Ah, my poor English ;-)

>
>Acked-by: David Rientjes <rientjes@google.com>

Michal Hocko Jan. 6, 2020, 10:23 a.m. UTC | #5

On Fri 03-01-20 22:34:07, Wei Yang wrote:
> As all the other places, we grab the lock before manipulate the defer list.
> Current implementation may face a race condition.

Please always make sure to describe the effect of the change. Why a racy
list_empty check matters?

> Fixes: 87eaceb3faa5 ("mm: thp: make deferred split shrinker memcg aware")
> 
> Signed-off-by: Wei Yang <richardw.yang@linux.intel.com>
> 
> ---
> I notice the difference during code reading and just confused about the
> difference. No specific test is done since limited knowledge about cgroup.
> 
> Maybe I miss something important?
> ---
>  mm/memcontrol.c | 8 ++++----
>  1 file changed, 4 insertions(+), 4 deletions(-)
> 
> diff --git a/mm/memcontrol.c b/mm/memcontrol.c
> index bc01423277c5..62b7ec34ef1a 100644
> --- a/mm/memcontrol.c
> +++ b/mm/memcontrol.c
> @@ -5368,12 +5368,12 @@ static int mem_cgroup_move_account(struct page *page,
>  	}
>  
>  #ifdef CONFIG_TRANSPARENT_HUGEPAGE
> +	spin_lock(&from->deferred_split_queue.split_queue_lock);
>  	if (compound && !list_empty(page_deferred_list(page))) {
> -		spin_lock(&from->deferred_split_queue.split_queue_lock);
>  		list_del_init(page_deferred_list(page));
>  		from->deferred_split_queue.split_queue_len--;
> -		spin_unlock(&from->deferred_split_queue.split_queue_lock);
>  	}
> +	spin_unlock(&from->deferred_split_queue.split_queue_lock);
>  #endif
>  	/*
>  	 * It is safe to change page->mem_cgroup here because the page
> @@ -5385,13 +5385,13 @@ static int mem_cgroup_move_account(struct page *page,
>  	page->mem_cgroup = to;
>  
>  #ifdef CONFIG_TRANSPARENT_HUGEPAGE
> +	spin_lock(&to->deferred_split_queue.split_queue_lock);
>  	if (compound && list_empty(page_deferred_list(page))) {
> -		spin_lock(&to->deferred_split_queue.split_queue_lock);
>  		list_add_tail(page_deferred_list(page),
>  			      &to->deferred_split_queue.split_queue);
>  		to->deferred_split_queue.split_queue_len++;
> -		spin_unlock(&to->deferred_split_queue.split_queue_lock);
>  	}
> +	spin_unlock(&to->deferred_split_queue.split_queue_lock);
>  #endif
>  
>  	spin_unlock_irqrestore(&from->move_lock, flags);
> -- 
> 2.17.1

Alexander Duyck Jan. 6, 2020, 4:18 p.m.
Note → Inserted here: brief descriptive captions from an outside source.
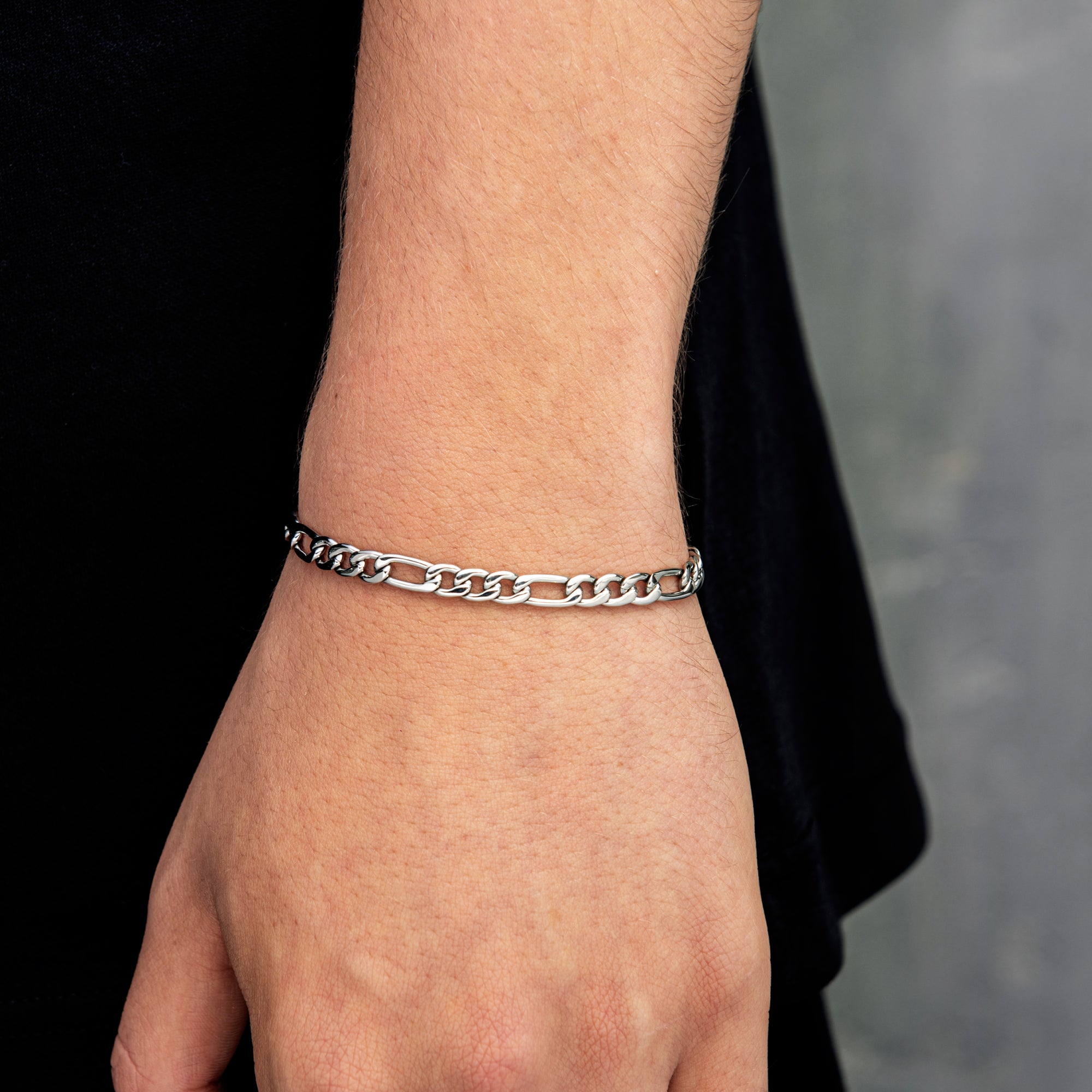 Figaro Armband 5mm Weißgold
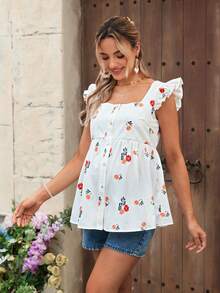 SHEIN Printed Casual Square Neck Ruffle Sleeve Tie Front Button Maternity Top - White - View 6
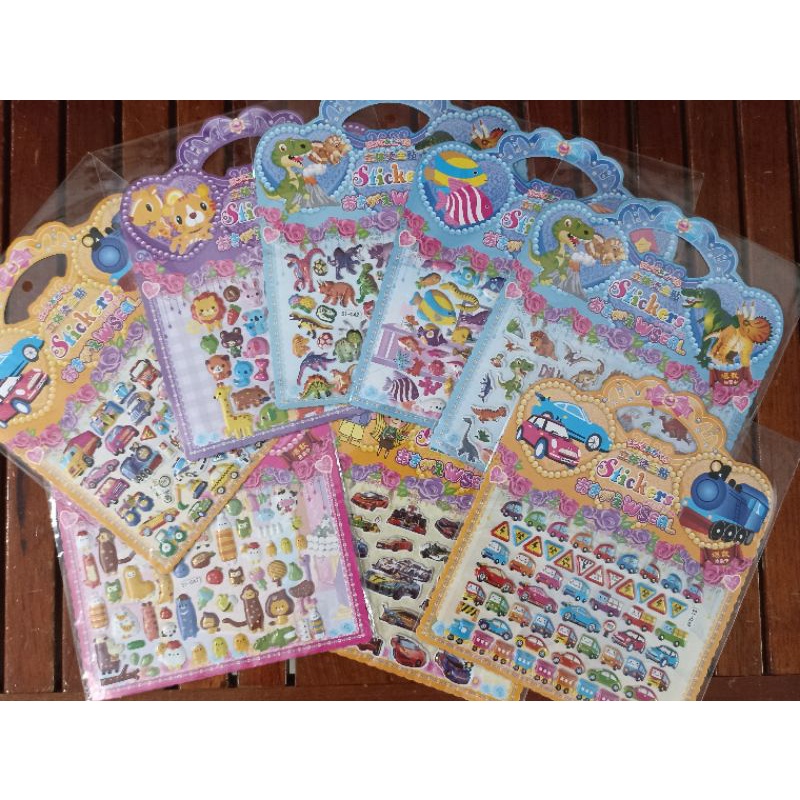 Hình nhãn dán sticker nổi 3d gái trai lồi lõm xe, mặt cười, động vật, cá kích thước 20x24cm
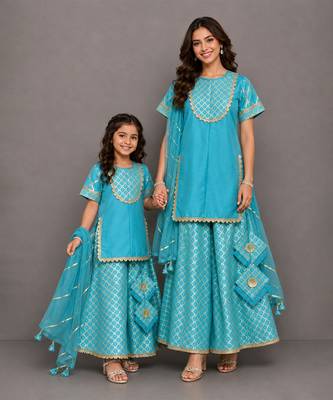 Blue embroidered silk and chanderi mother daughter gharara combo set 1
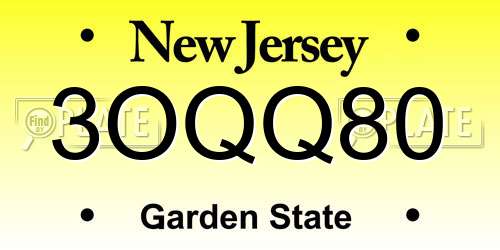 3OQQ80 New Jersey License Plate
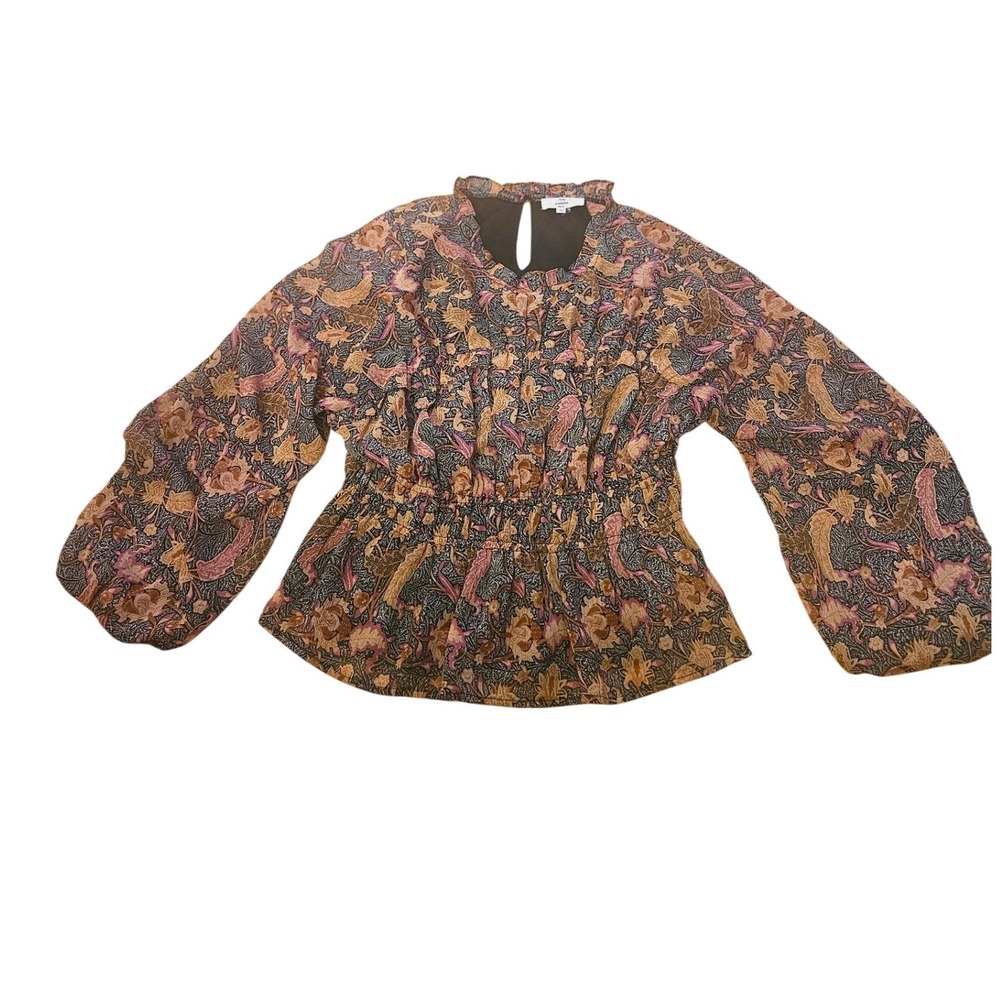 Entro Womens Paisley Floral Smocked Peplum Blouse Metallic Gold Accents Size M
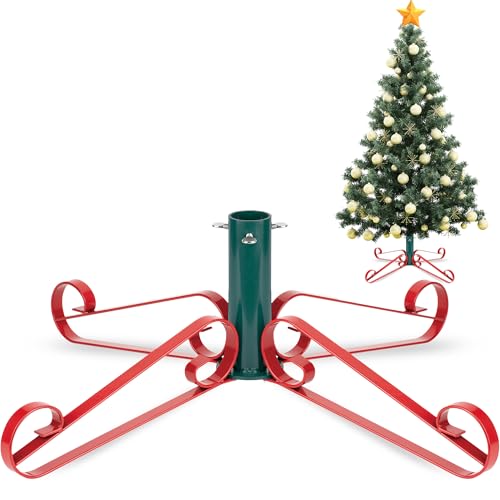 PUDO Christbaumständer Weihnachtsbaumständer für Künstlichen Weihnachtsbaum: Künstlicher Baum Ständer für Kunstbaum Halter Metall - bis 250cm Grace Christmas Tree Stand Rot Grün von PUDO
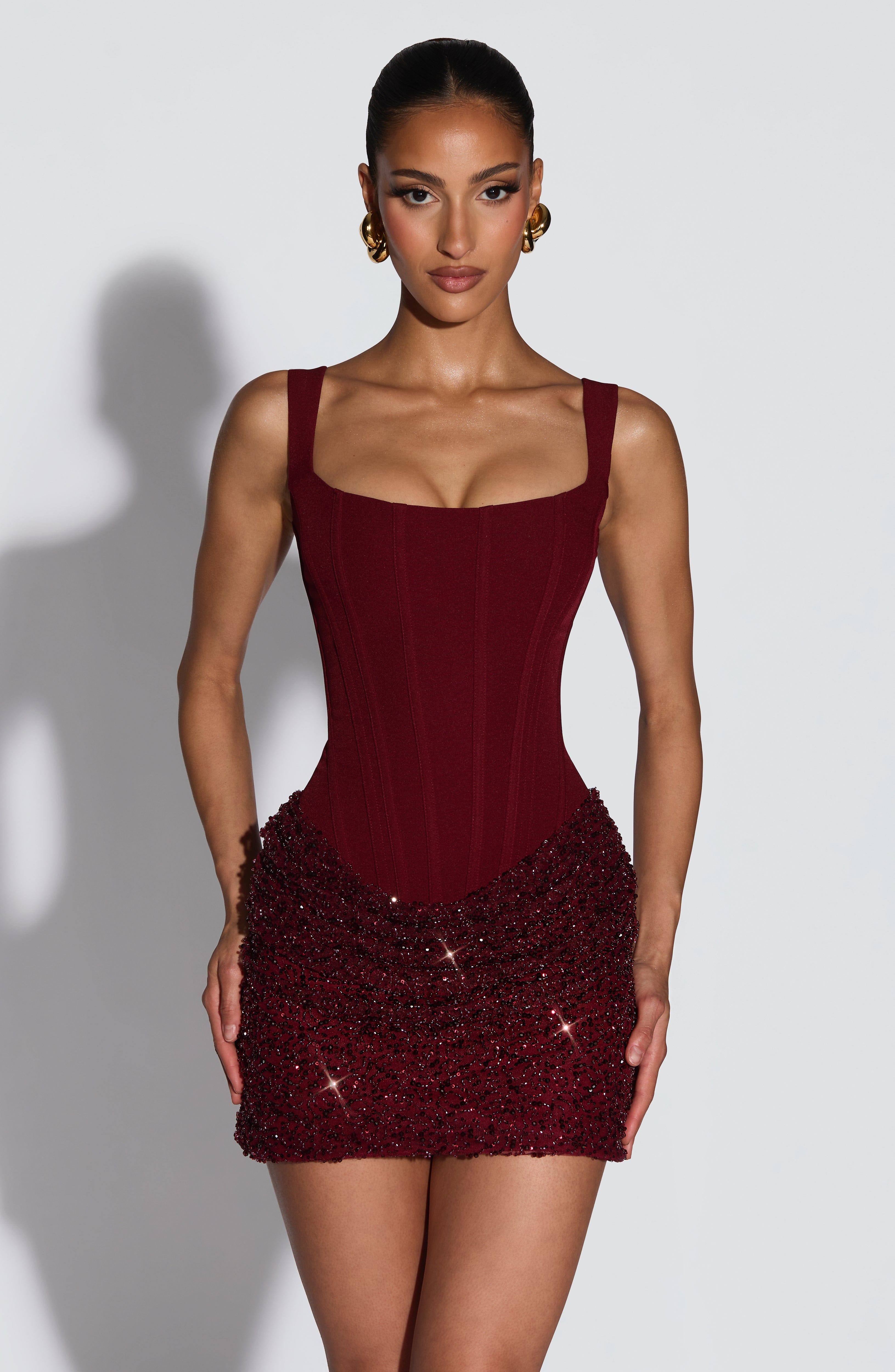 minilena Yeona Mini Dress Burgundy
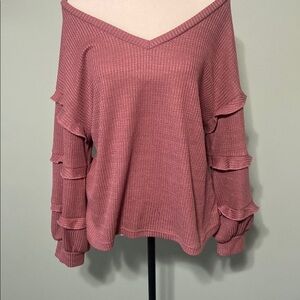 Women's Pink Ruffle Sleeve Sweater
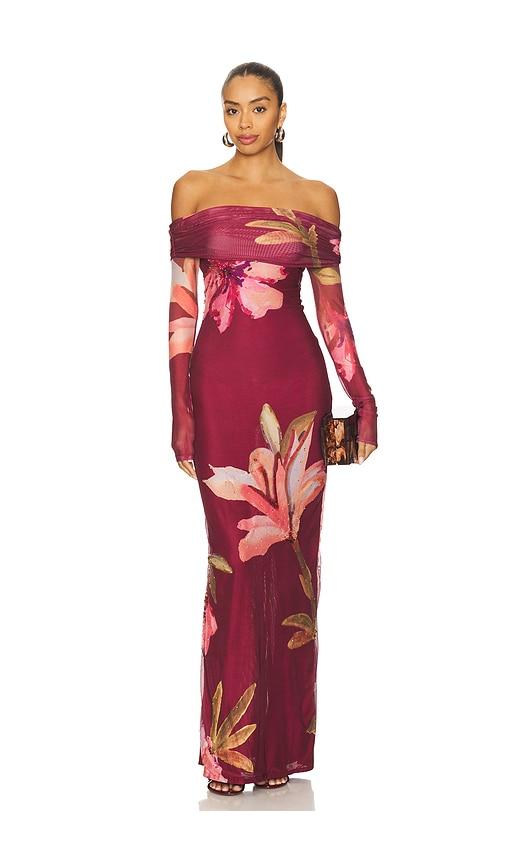 patbo delicata tulle maxi dress in burgundy.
UTC | #6

On Fri, Jan 3, 2020 at 6:34 AM Wei Yang <richardw.yang@linux.intel.com> wrote:
>
> As all the other places, we grab the lock before manipulate the defer list.
> Current implementation may face a race condition.
>
> Fixes: 87eaceb3faa5 ("mm: thp: make deferred split shrinker memcg aware")
>
> Signed-off-by: Wei Yang <richardw.yang@linux.intel.com>
>
> ---
> I notice the difference during code reading and just confused about the
> difference. No specific test is done since limited knowledge about cgroup.
>
> Maybe I miss something important?
> ---
>  mm/memcontrol.c | 8 ++++----
>  1 file changed, 4 insertions(+), 4 deletions(-)
>
> diff --git a/mm/memcontrol.c b/mm/memcontrol.c
> index bc01423277c5..62b7ec34ef1a 100644
> --- a/mm/memcontrol.c
> +++ b/mm/memcontrol.c
> @@ -5368,12 +5368,12 @@ static int mem_cgroup_move_account(struct page *page,
>         }
>
>  #ifdef CONFIG_TRANSPARENT_HUGEPAGE
> +       spin_lock(&from->deferred_split_queue.split_queue_lock);
>         if (compound && !list_empty(page_deferred_list(page))) {
> -               spin_lock(&from->deferred_split_queue.split_queue_lock);
>                 list_del_init(page_deferred_list(page));
>                 from->deferred_split_queue.split_queue_len--;
> -               spin_unlock(&from->deferred_split_queue.split_queue_lock);
>         }
> +       spin_unlock(&from->deferred_split_queue.split_queue_lock);
>  #endif
>         /*
>          * It is safe to change page->mem_cgroup here because the page

So I suspect the lock placement has to do with the compound boolean
value passed to the function.

One thing you might want to do is pull the "if (compound)" check out
and place it outside of the spinlock check. It would then simplify
this signficantly so it is something like
if (compound) {
  spin_lock();
  list = page_deferred_list(page);
  if (!list_empty(list)) {
    list_del_init(list);
    from->..split_queue_len--;
  }
  spin_unlock();
}

Same for the block below. I would pull the check for compound outside
of the spinlock call since it is a value that shouldn't change and
would eliminate an unnecessary lock in the non-compound case.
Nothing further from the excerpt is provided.